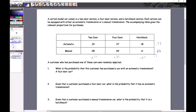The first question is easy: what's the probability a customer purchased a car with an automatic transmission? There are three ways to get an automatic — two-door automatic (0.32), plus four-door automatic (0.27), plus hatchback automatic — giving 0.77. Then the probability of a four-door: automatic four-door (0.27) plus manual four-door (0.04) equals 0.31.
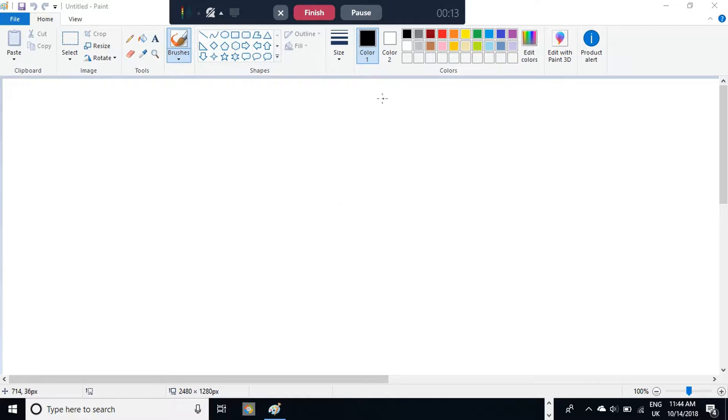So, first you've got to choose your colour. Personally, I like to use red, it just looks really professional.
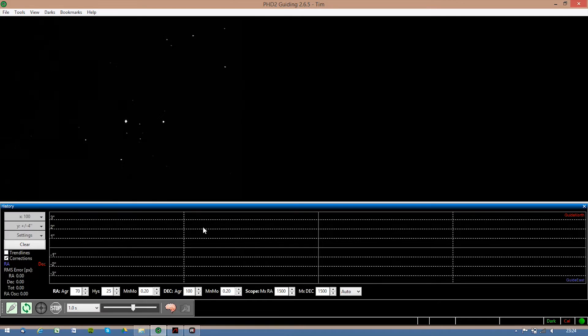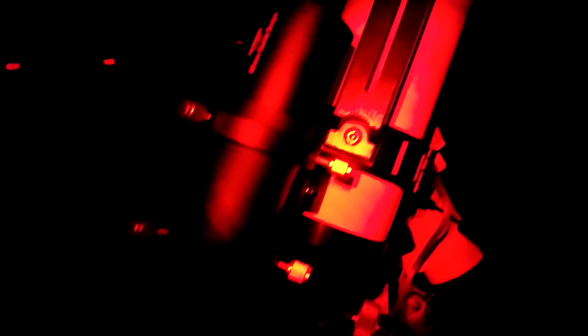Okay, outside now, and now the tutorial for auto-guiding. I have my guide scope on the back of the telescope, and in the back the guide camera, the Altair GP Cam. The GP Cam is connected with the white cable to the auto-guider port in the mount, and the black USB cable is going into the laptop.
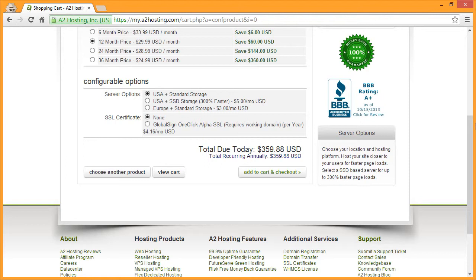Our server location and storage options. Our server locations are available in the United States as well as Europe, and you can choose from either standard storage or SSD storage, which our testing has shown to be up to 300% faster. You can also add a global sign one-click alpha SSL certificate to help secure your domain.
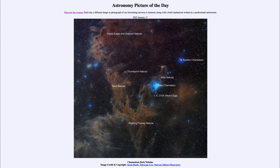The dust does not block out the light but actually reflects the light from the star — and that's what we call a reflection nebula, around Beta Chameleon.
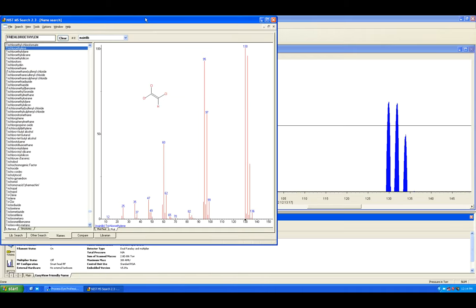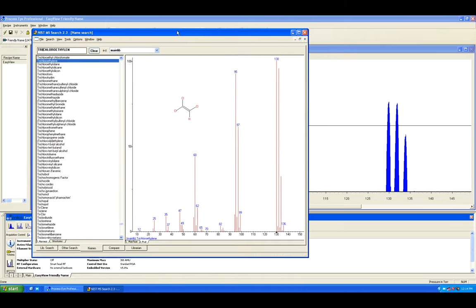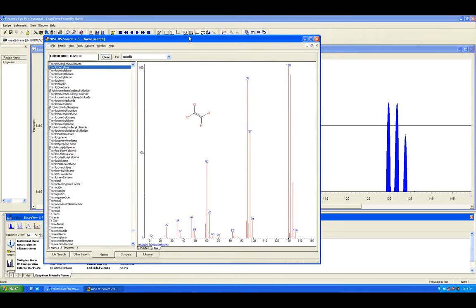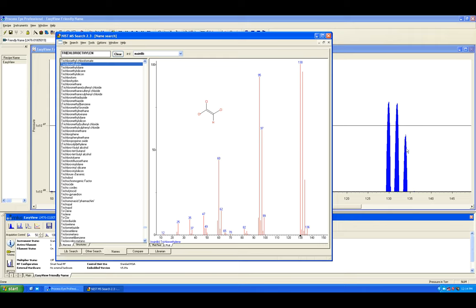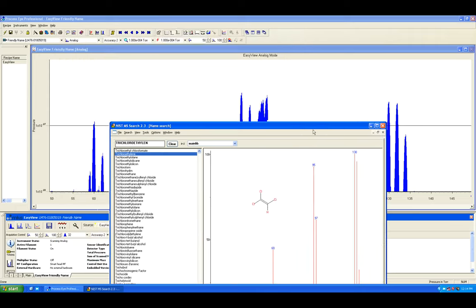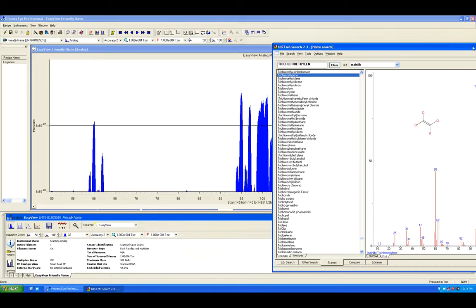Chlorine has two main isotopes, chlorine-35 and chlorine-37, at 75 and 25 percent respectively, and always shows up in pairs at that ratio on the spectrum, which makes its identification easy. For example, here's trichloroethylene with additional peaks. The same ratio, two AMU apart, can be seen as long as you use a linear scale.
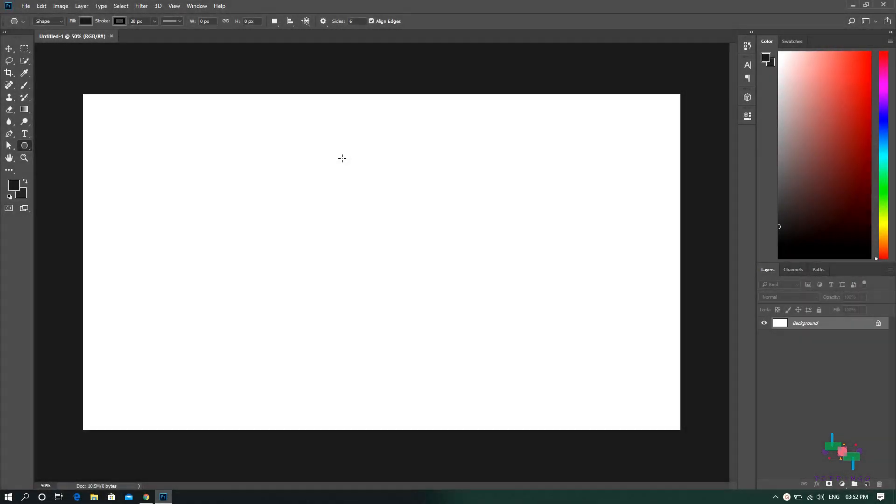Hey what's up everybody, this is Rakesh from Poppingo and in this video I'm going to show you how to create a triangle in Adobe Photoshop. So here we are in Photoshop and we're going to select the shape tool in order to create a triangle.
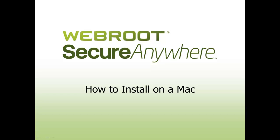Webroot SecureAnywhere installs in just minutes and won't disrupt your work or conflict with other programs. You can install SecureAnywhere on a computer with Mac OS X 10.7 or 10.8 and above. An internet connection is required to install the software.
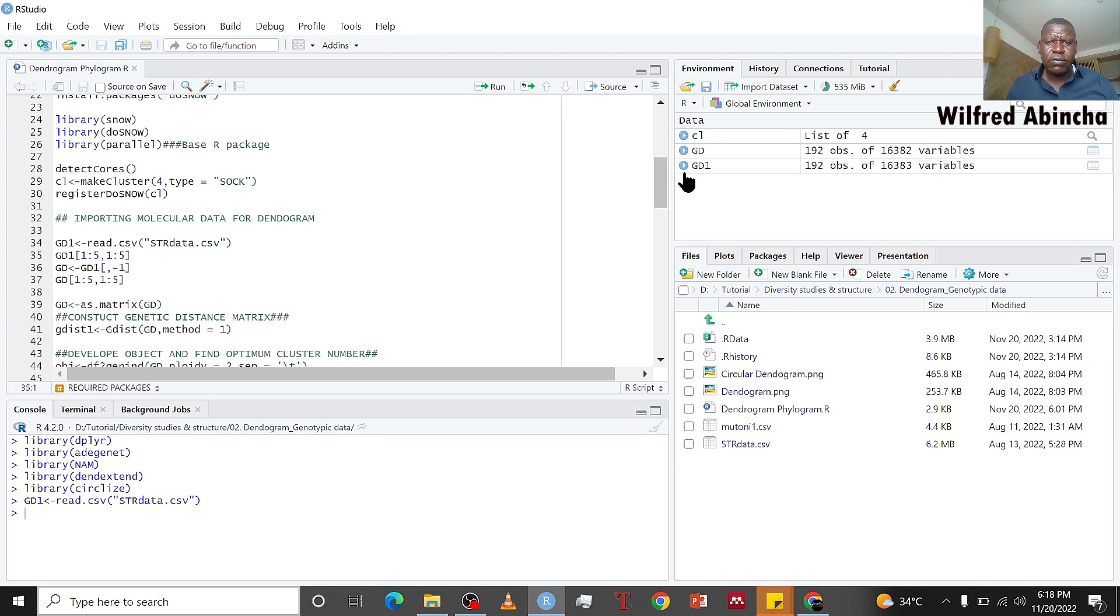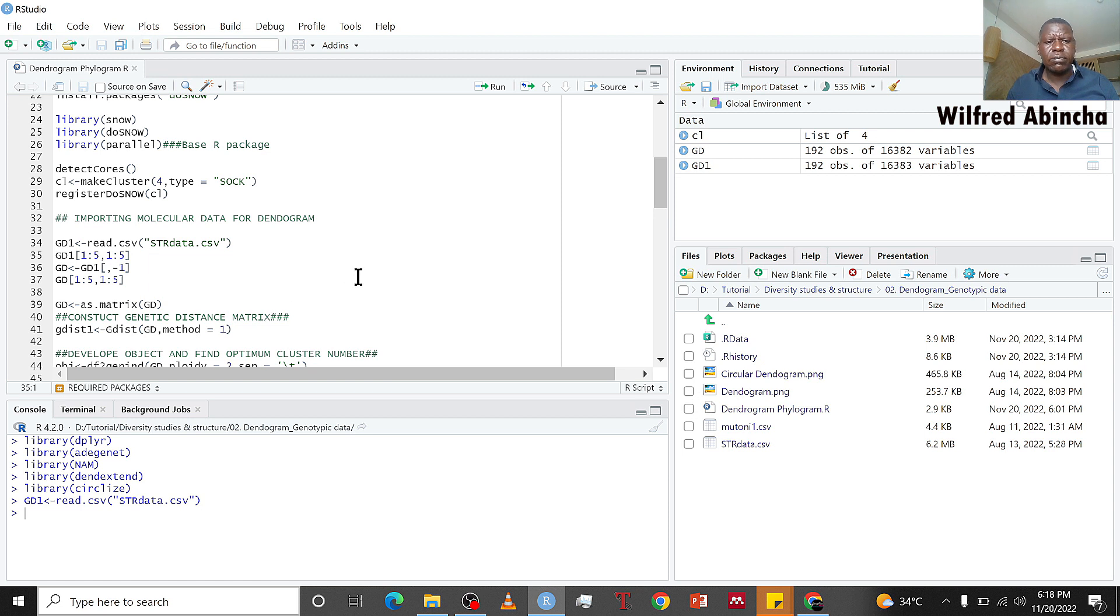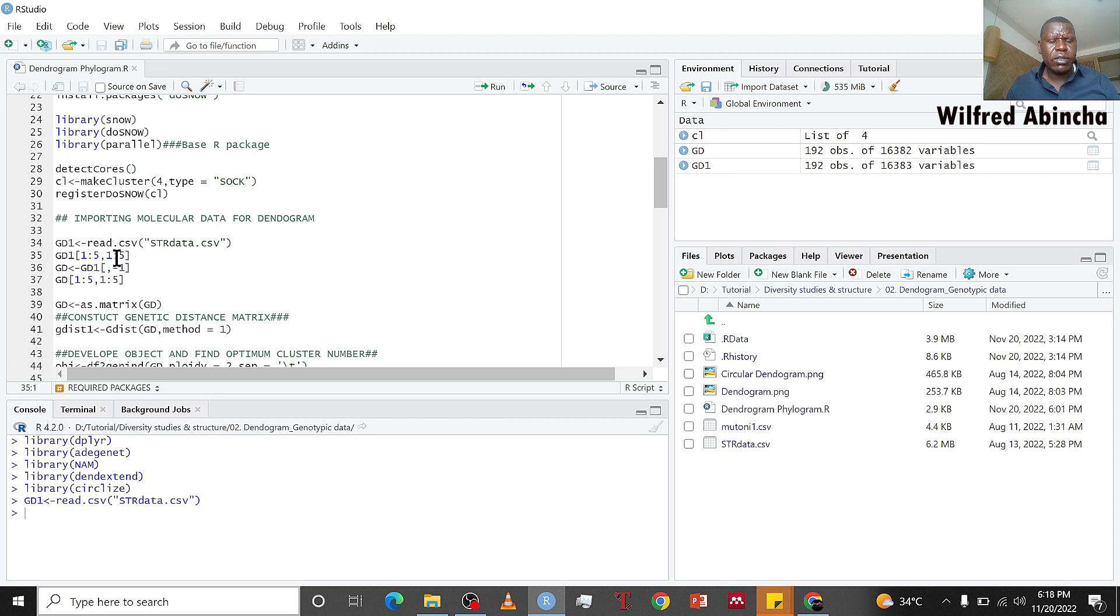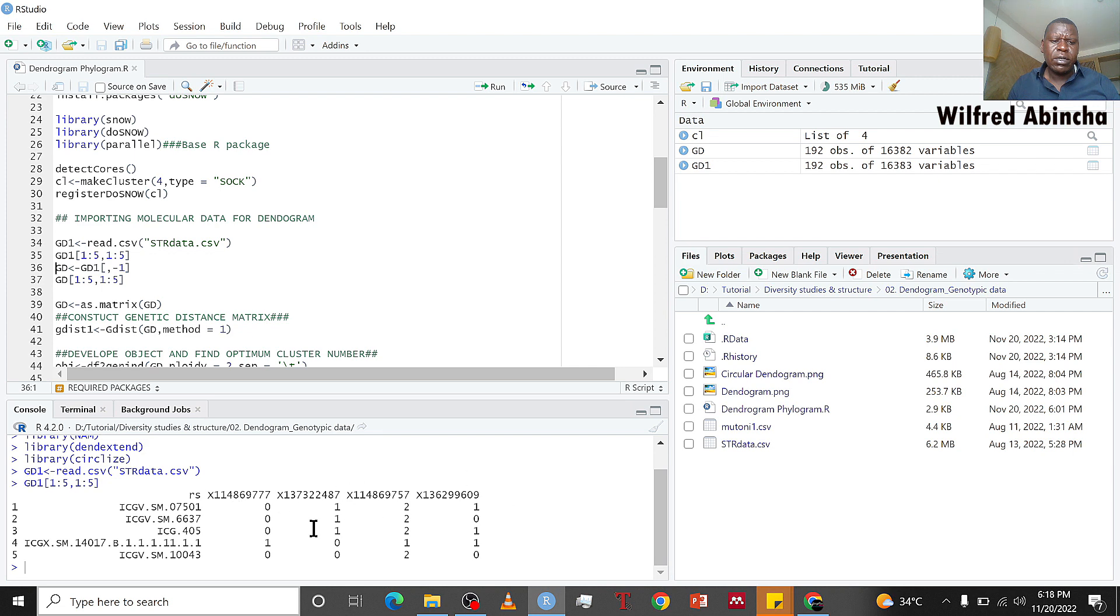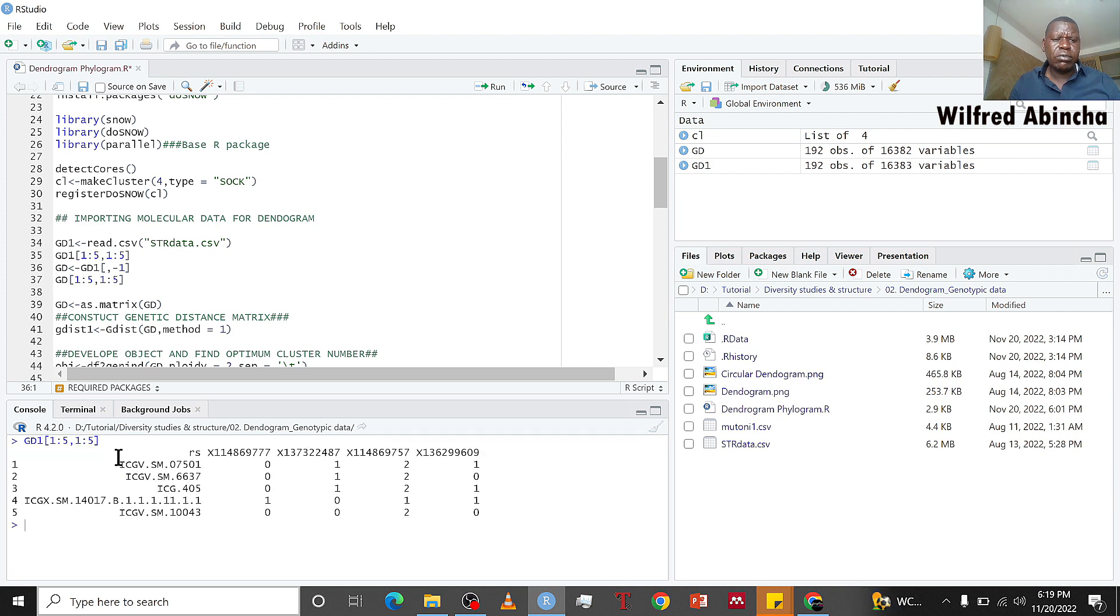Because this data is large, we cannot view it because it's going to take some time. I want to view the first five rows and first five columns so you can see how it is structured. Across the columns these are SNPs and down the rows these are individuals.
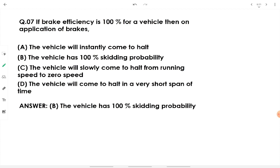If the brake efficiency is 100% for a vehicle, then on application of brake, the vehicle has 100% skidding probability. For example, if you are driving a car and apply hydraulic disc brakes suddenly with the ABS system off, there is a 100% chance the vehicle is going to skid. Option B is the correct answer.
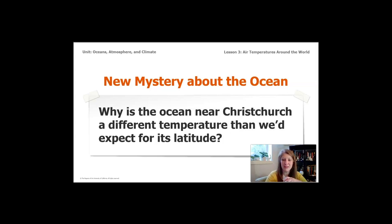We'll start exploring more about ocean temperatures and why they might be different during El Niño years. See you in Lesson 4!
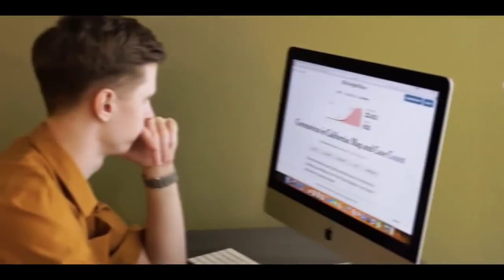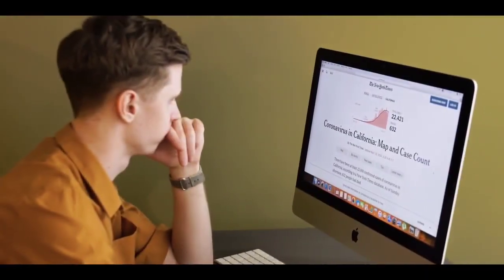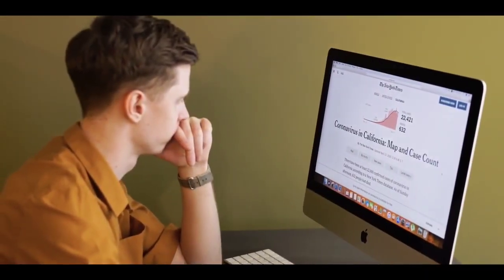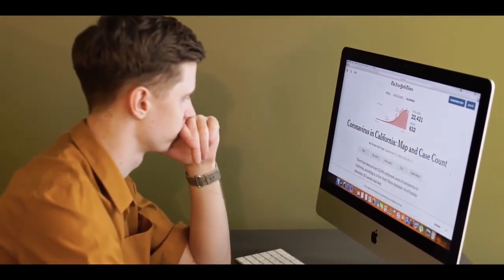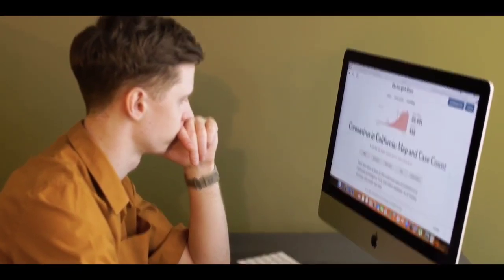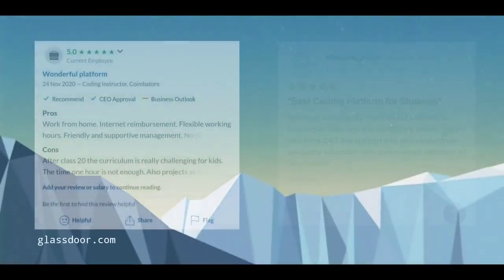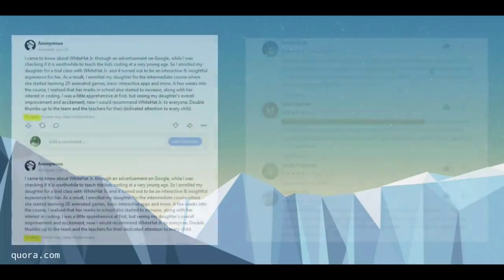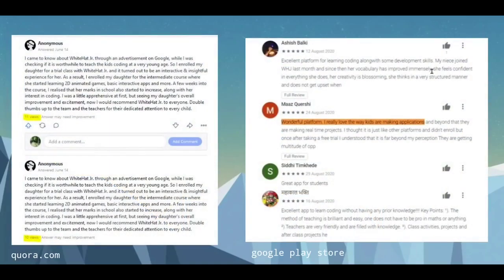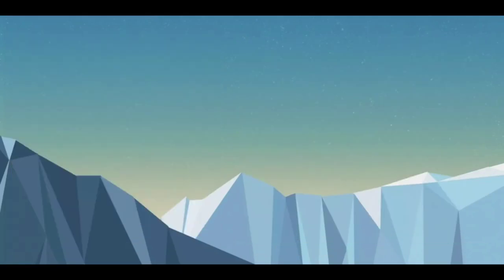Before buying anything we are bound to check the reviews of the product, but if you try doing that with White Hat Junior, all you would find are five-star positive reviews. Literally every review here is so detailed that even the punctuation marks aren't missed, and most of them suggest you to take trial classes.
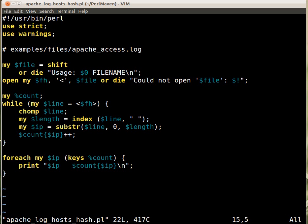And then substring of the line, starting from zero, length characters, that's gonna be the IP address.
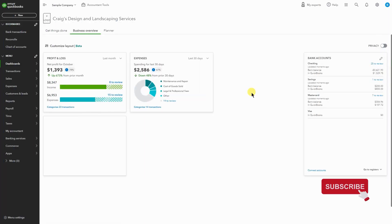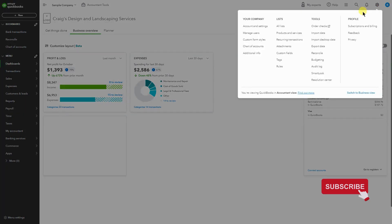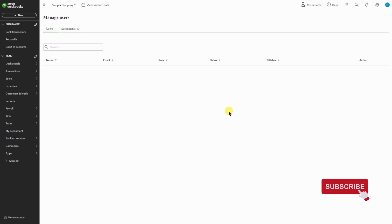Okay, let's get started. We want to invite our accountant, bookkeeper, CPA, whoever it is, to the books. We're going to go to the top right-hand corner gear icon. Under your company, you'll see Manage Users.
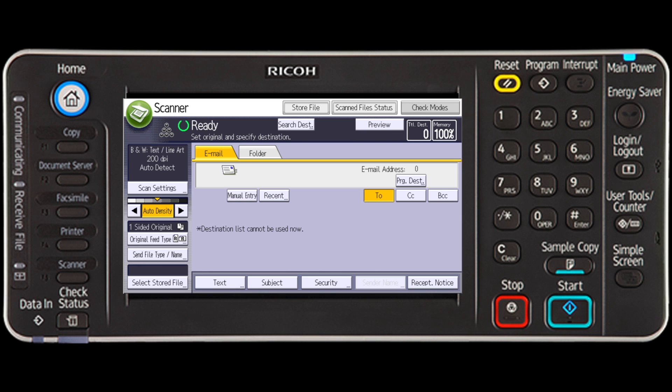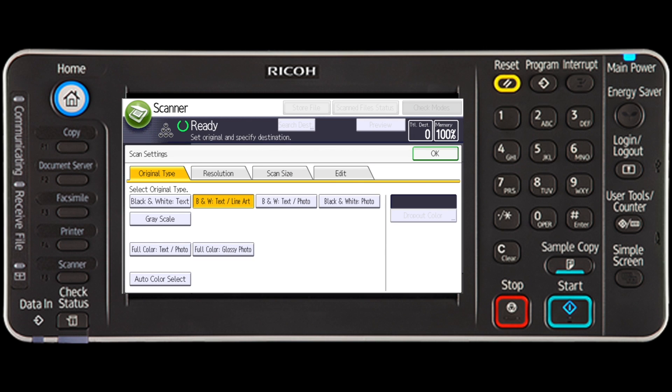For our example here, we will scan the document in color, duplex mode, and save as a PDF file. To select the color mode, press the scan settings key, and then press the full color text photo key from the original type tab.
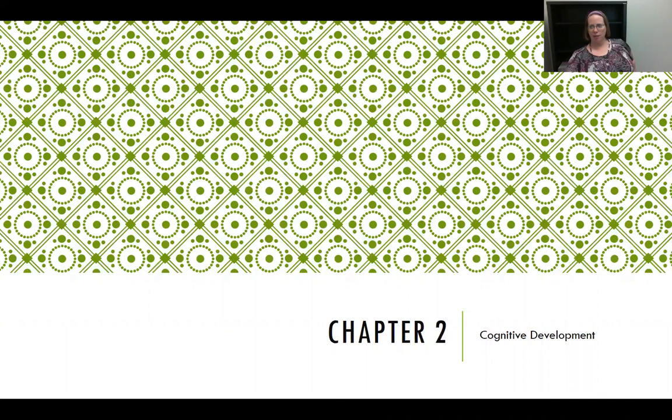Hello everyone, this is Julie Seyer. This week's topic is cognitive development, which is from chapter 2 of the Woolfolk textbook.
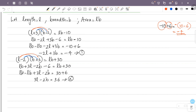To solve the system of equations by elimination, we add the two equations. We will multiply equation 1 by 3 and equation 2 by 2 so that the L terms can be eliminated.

■ ■ ■ ■ ■

Return exactly the line containing "And then substring" and every line after it, up to and including the final line of the entries above. Pictures stay out.

And then substring of the line, starting from zero, length characters, that's gonna be the IP address.
Okay, let's get started. We want to invite our accountant, bookkeeper, CPA, whoever it is, to the books. We're going to go to the top right-hand corner gear icon. Under your company, you'll see Manage Users.
For our example here, we will scan the document in color, duplex mode, and save as a PDF file. To select the color mode, press the scan settings key, and then press the full color text photo key from the original type tab.
Hello everyone, this is Julie Seyer. This week's topic is cognitive development, which is from chapter 2 of the Woolfolk textbook.
To solve the system of equations by elimination, we add the two equations. We will multiply equation 1 by 3 and equation 2 by 2 so that the L terms can be eliminated.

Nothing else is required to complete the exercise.